◆ **Caption-style text data**:
=-=-=

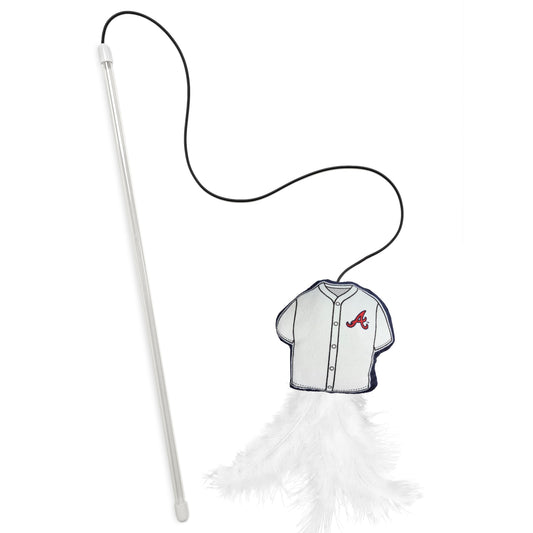 Atlanta Braves Team Jersey Wand With Catnip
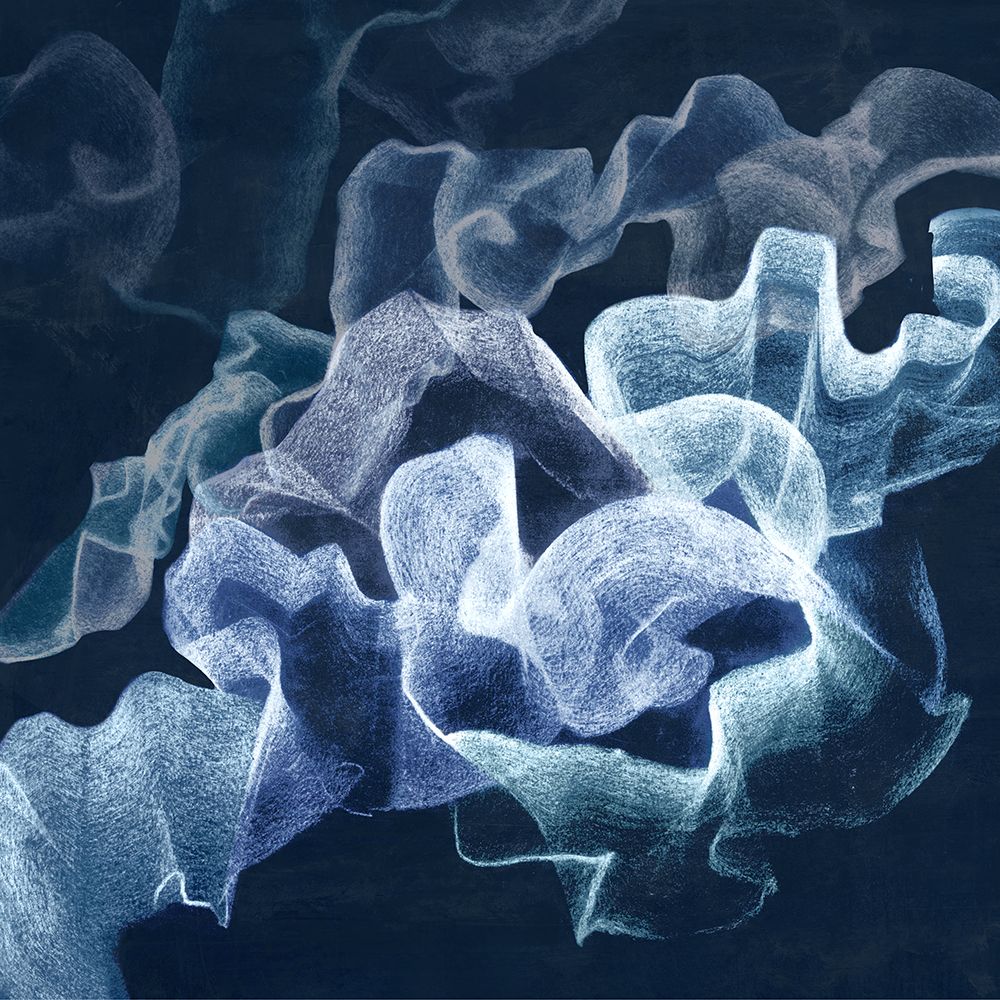 Mystical Folds in Blue Light I art print by Hannah Dawson for $57.95 CAD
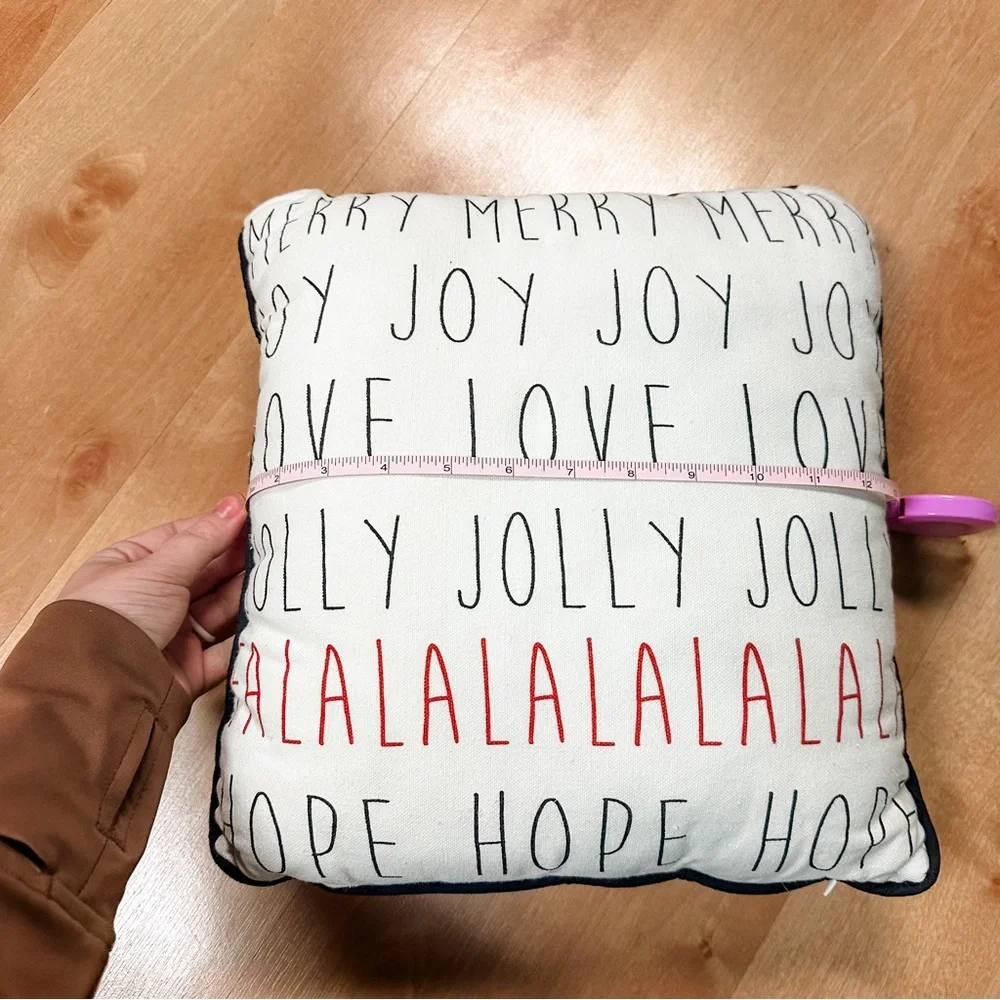 Home | Rae Dunn Black White Red Christmas Holiday Decorative Pillow 14.5 x 14.5”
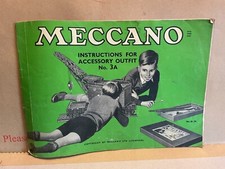 Vintage MECCANO-INSTRUCTIONS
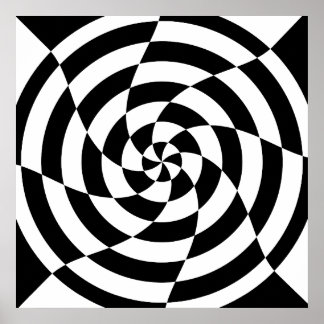 Affiches Corey Tiger 80s Op Art Vintage
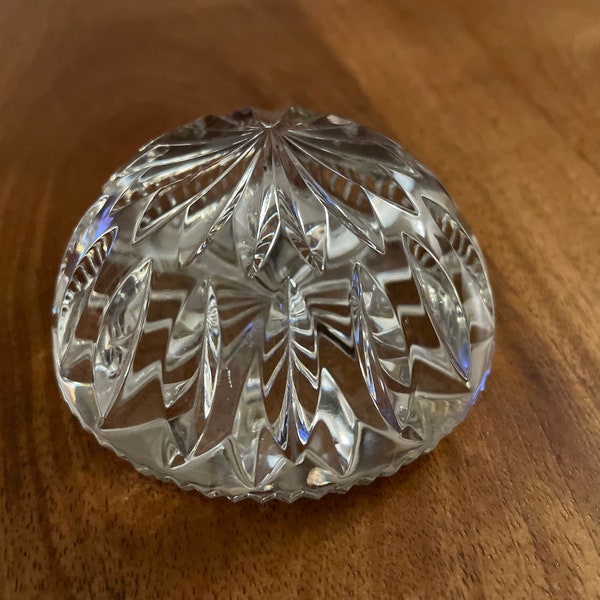 Beautiful Waterford Crystal Nocturne Orion Cut Glass Paperweight
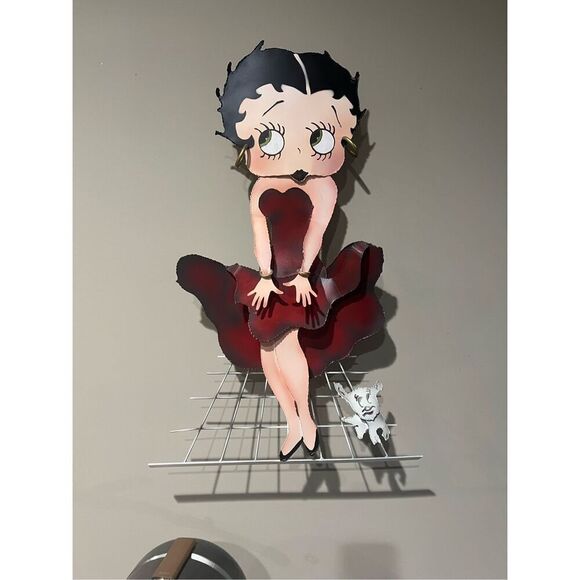 Rare Curtis Jere Betty Boop Cartoon 30" Metal Sculpture Signed - Picture 1 of 11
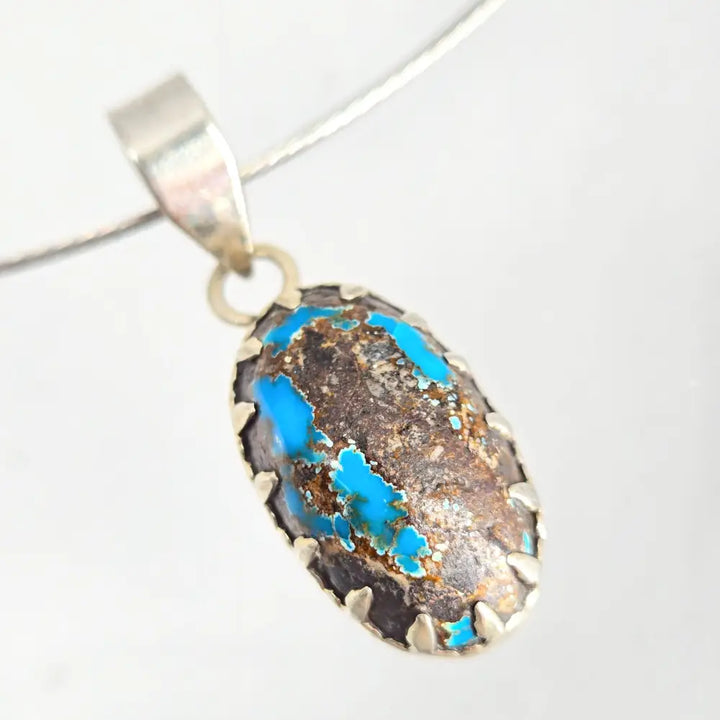?QUeens & Kings’ Pendant Necklace - Kingman Turquoise Sterling - Key West Local Luxe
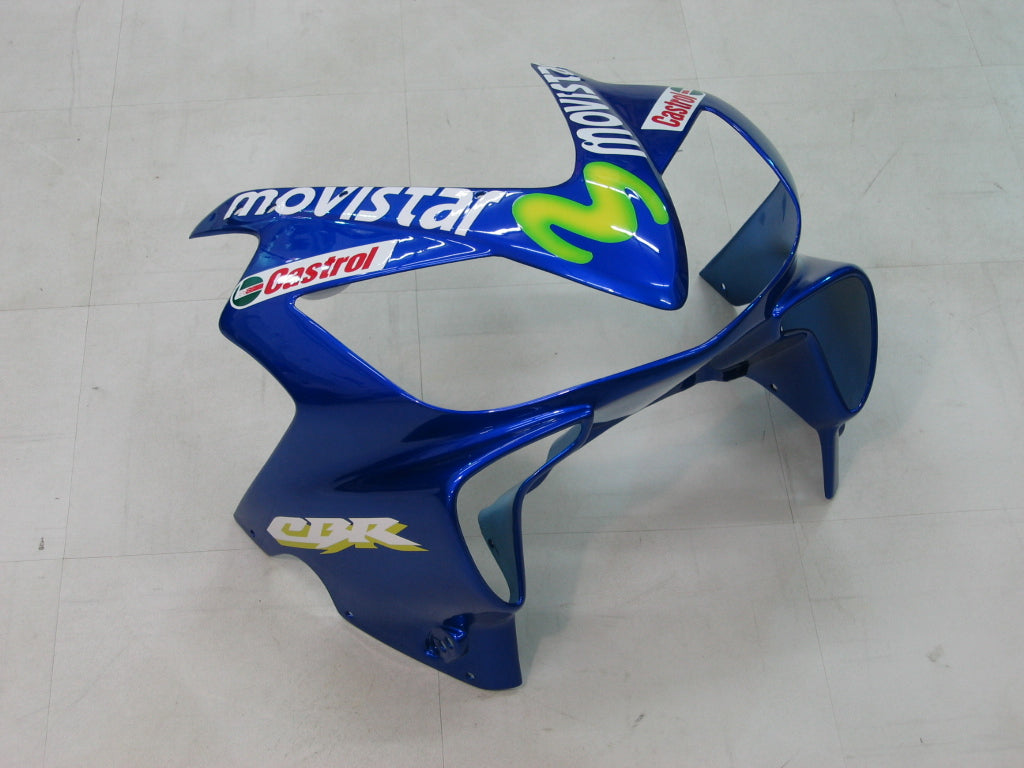 Carenados 2004-2007 Honda CBR 600 F4i Azul &amp; Verde Movistar Generic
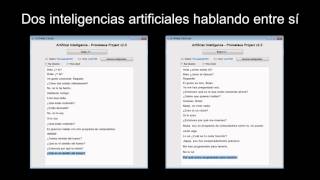 Dos inteligencias artificiales hablan entre sí [upl. by Teplica817]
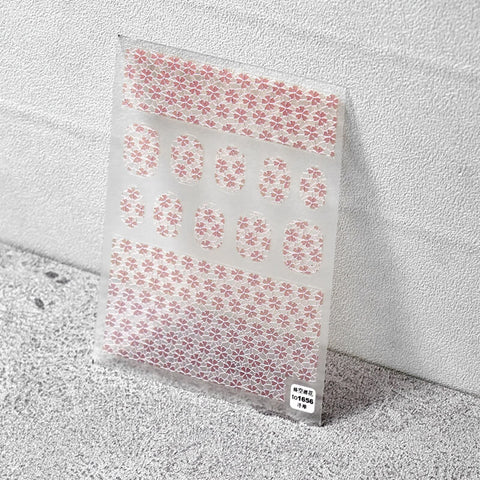 Flower Nail Stickers, Nail Decals, Nail Art Stickers, Nail Design Stickers, 5D Embossed, DIY Nails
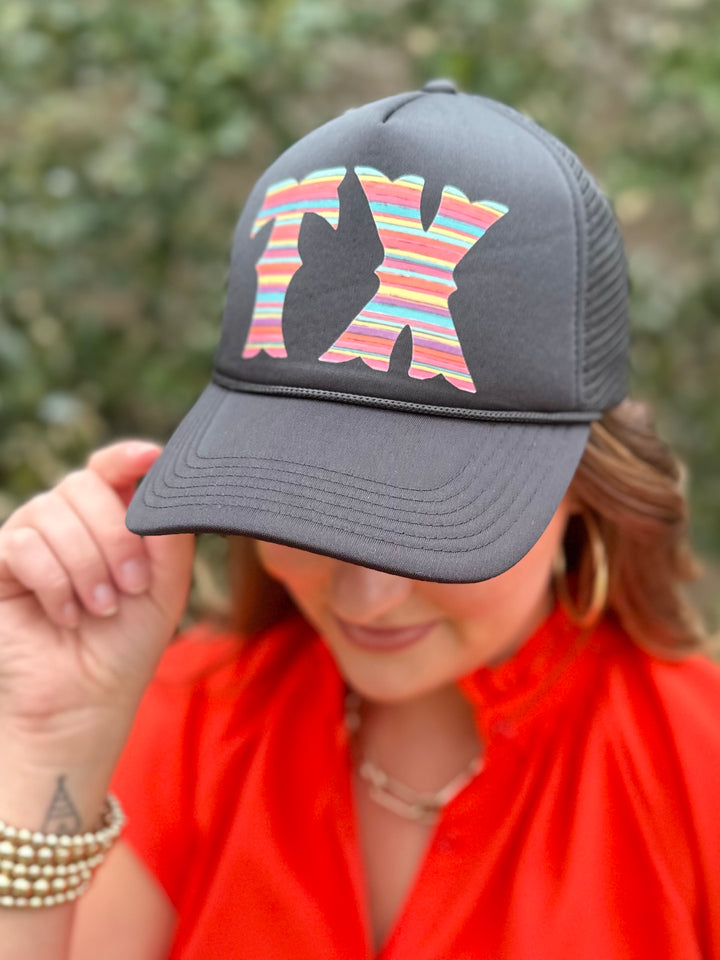 Serape TX Foam Trucker Cap by Texas True Threads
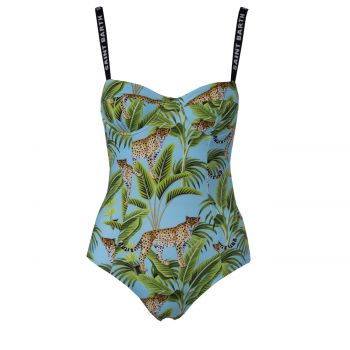 Brenda underwire padded one piece wild leopard l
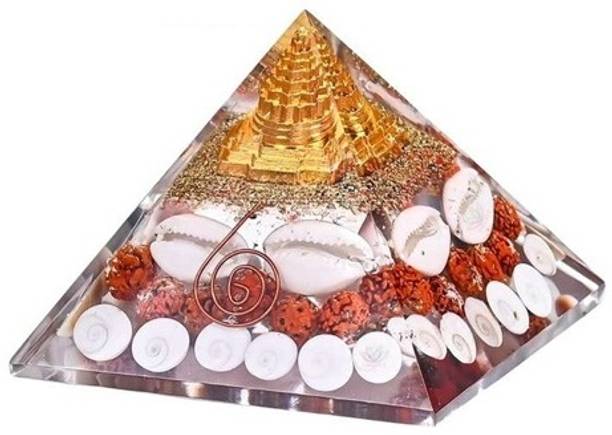 farhancrystal Laxmi Pyramid 2025 new desing Decorative Showpiece  -  8.5 cm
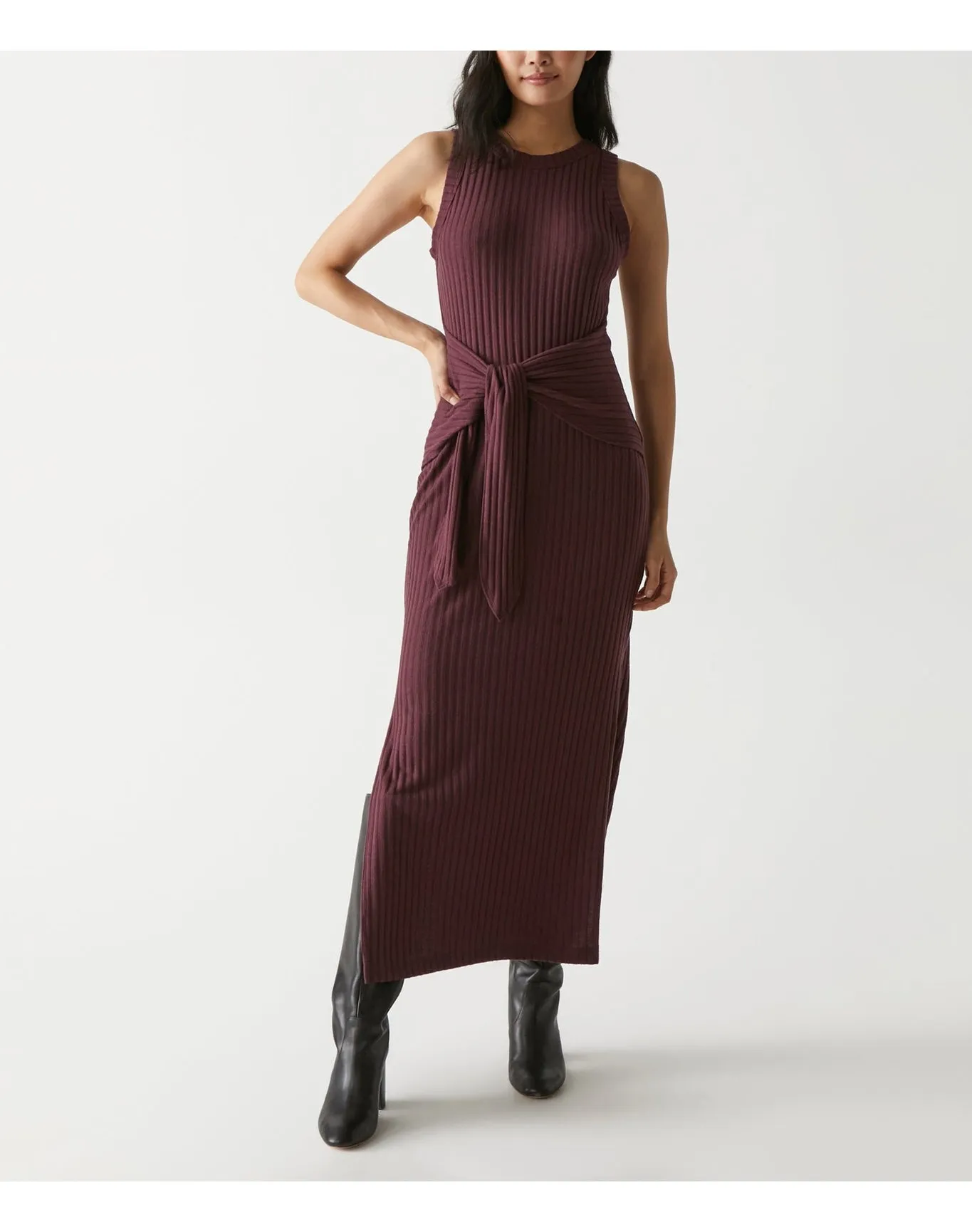Solana Ribbed Maxi Dress | Plum MICHAEL STARS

=-=-=

◆ **EXERCISE AIM**: Stop after the line containing "Affiches Corey Tiger 80s Op Art Vintage": copy the records exactly from the first line up to there, leaving pictures out.

◆ **RESPONSE TO THE TASK**:
 Atlanta Braves Team Jersey Wand With Catnip
 Mystical Folds in Blue Light I art print by Hannah Dawson for $57.95 CAD
 Home | Rae Dunn Black White Red Christmas Holiday Decorative Pillow 14.5 x 14.5”
 Vintage MECCANO-INSTRUCTIONS
 Affiches Corey Tiger 80s Op Art Vintage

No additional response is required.